Among other things, it is a character study of Herman J. Mankiewicz, including his risky decision to write “Citizen Kane.” It’s also about the times he lived in, and how events fed into his creativity.
Fincher says Gary Oldman doesn’t look like Mankiewicz, but has the writer’s disarming charm. “I needed an actor’s actor, to play someone who walks into a room and everyone would say ‘That’s the guy.’
“Gary knows his job is not to make the audience like the character; his job is to be truthful. I don’t want sympathy for Mankiewicz; I want empathy for him. That’s a very specific difference. A lot of actors confuse them.”
Netflix’s “Mank” is also about the 1931-41 era leading up to Mankiewicz’s script (he turned in a 327-page draft). Despite a rebel streak, he knew how to play nicely with William Randolph Hearst as a guest at his estate. (Variety in those days referred to Hearst as the Lord of San Simeon or Sultan of San Simeon.)
As the movie makes clear, Mankiewicz’s skepticism of Hearst became antagonism when he saw how the newspaper baron and MGM topper Louis B. Mayer affected 1934 politics.

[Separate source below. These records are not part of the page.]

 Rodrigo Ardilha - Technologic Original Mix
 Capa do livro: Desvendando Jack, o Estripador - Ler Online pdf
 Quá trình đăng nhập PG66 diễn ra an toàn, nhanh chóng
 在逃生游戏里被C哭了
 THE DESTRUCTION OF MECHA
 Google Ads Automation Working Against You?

Their actions allowed Mankiewicz to eventually break with both.
As reported in Variety on Sept. 22, 1933, Upton Sinclair vowed that, if elected governor, he would make California a socialist state — “I mean an industrial democracy.”
In September 1934, Variety said a KNX radio poll showed Sinclair leading 2-to-1 over Republican candidate Frank Merriam. On the same page, Mayer in Paris said if Sinclair is elected, “it would plunge the state’s industries into chaos.” So Mayer used MGM talent to create propaganda films to undermine Sinclair.

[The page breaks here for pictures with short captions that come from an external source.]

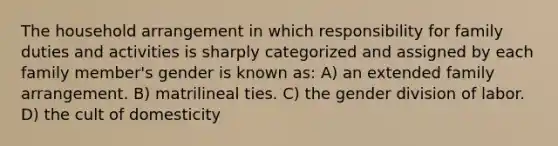 The household arrangement in which responsibility for family duties and activities is sharply categorized and assigned by each family member's gender is known as: A) an extended family arrangement. B) matrilineal ties. C) the gender division of labor. D) the cult of domesticity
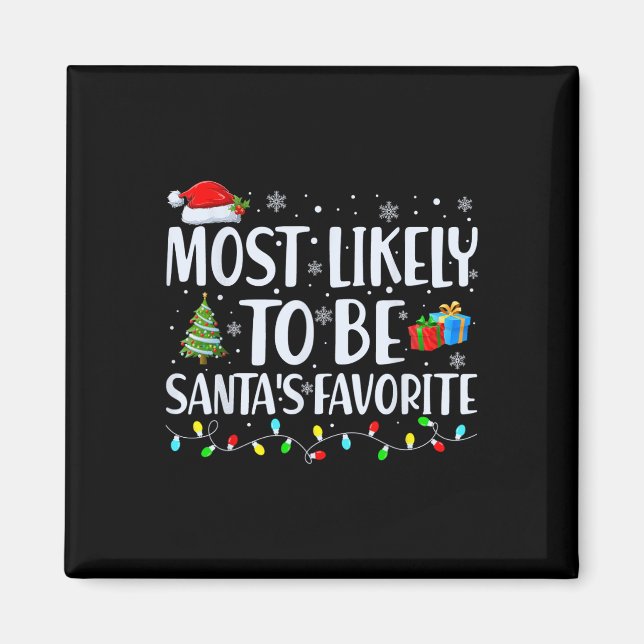Most Likely To Be Santa's Favorite Christmas Famil Magnet (Front)
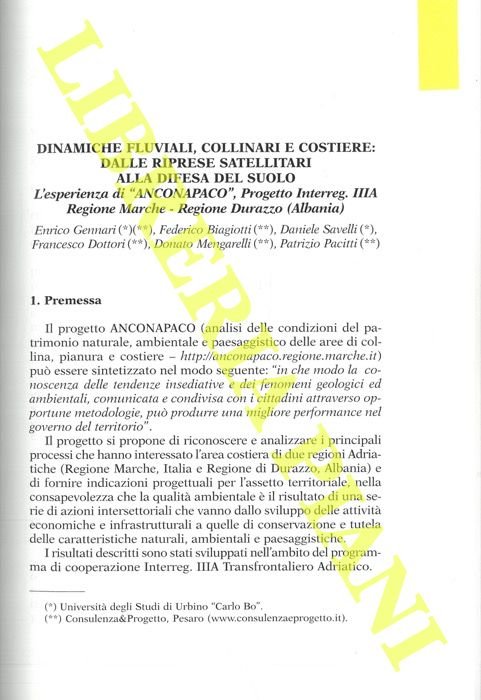 Dinamiche fluviali, collinari e costiere: dalle riprese satellitari alla difesa …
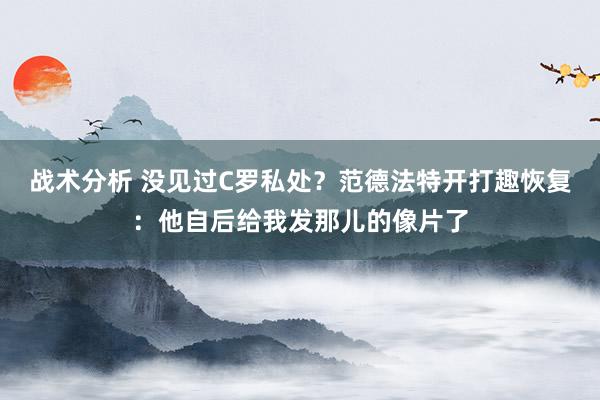 战术分析 没见过C罗私处？范德法特开打趣恢复：他自后给我发那儿的像片了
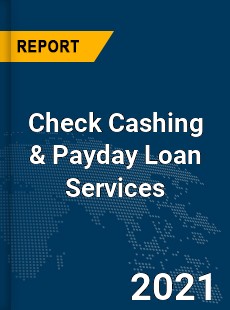 Global Check Cashing amp Payday Loan Services Market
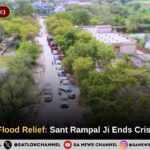 Kharparwas Flood Relief: Sant Rampal Ji Ends Crisis Since 1964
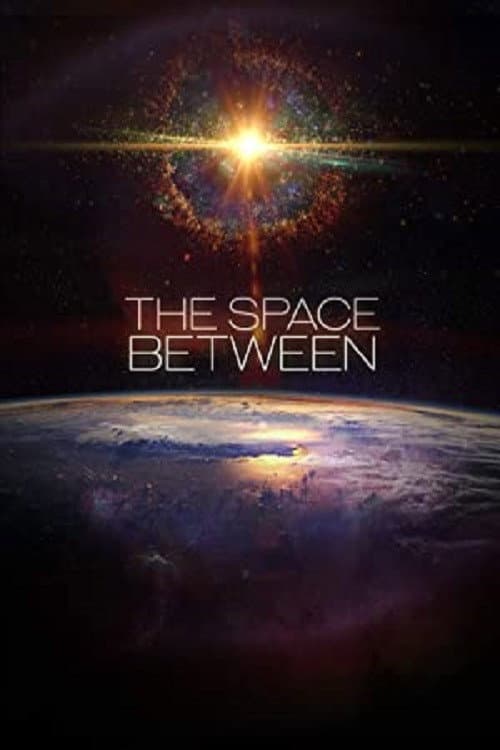 The Space Between (2019) poster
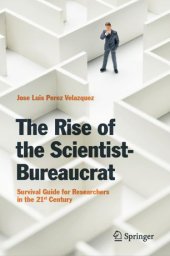 book The Rise of the Scientist-Bureaucrat: Survival Guide for Researchers in the 21st Century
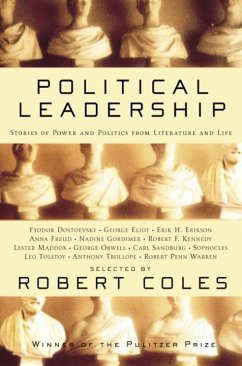 Political Leadership (eBook, ePUB) - Coles, Robert; Eliot, George; Orwell, George; Tolstoy, Leo; Trollope, Anthony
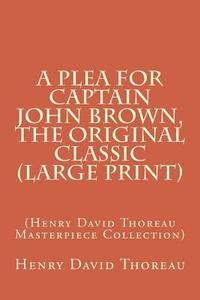 A Plea for Captain John Brown, the Original Classic: (Henry David Thoreau Masterpiece Collection) di Henry David Thoreau edito da Createspace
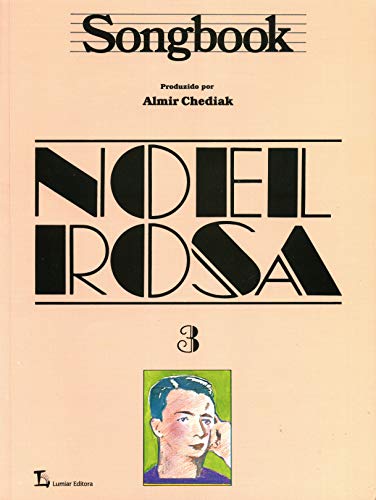 Stock image for Songbook Noel Rosa - Vol.3 for sale by Livraria Ing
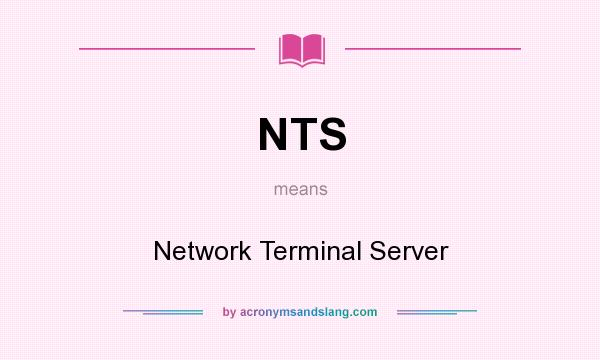 What does NTS mean? It stands for Network Terminal Server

The “Mank” script shows how Mankiewicz was affected by that turnaround, but director Fincher didn’t want to overexplain.
“Upton Sinclair was a big deal,” says Fincher. “He was like Bernie Sanders and Studs Terkel, a formidable person. But we didn’t want to stop and give the audience a history lesson of who he was. We needed to give audiences the brushstrokes and move on.”
“There is so much great stuff in the script,” Fincher says of his father’s work. Among the goodies was its no-nonsense presentation of the studio system.
As Fincher points out to Variety, Henry Ford saw assembly lines in meat-processing plants and thought “What if I applied that to automobiles?” It was a huge success and the studios tried to do the same with movies. It worked for publicity, marketing, and even grooming stars. But Fincher says “The greatest disservice ever foisted on ‘chronological narrative content’ is the idea you could take something as intimate and personal as storytelling and apply an assembly-line to it.”
“Mank” shows how writers under contract balked at that assembly line, which led to the Screen Writers Guild, and later the Writers Guild of America.
“Mank,” which is a strong Oscar contender in multiple categories, defies audience expectations. In that way, it’s like Mank himself: a move to counteract assembly-line filmmaking.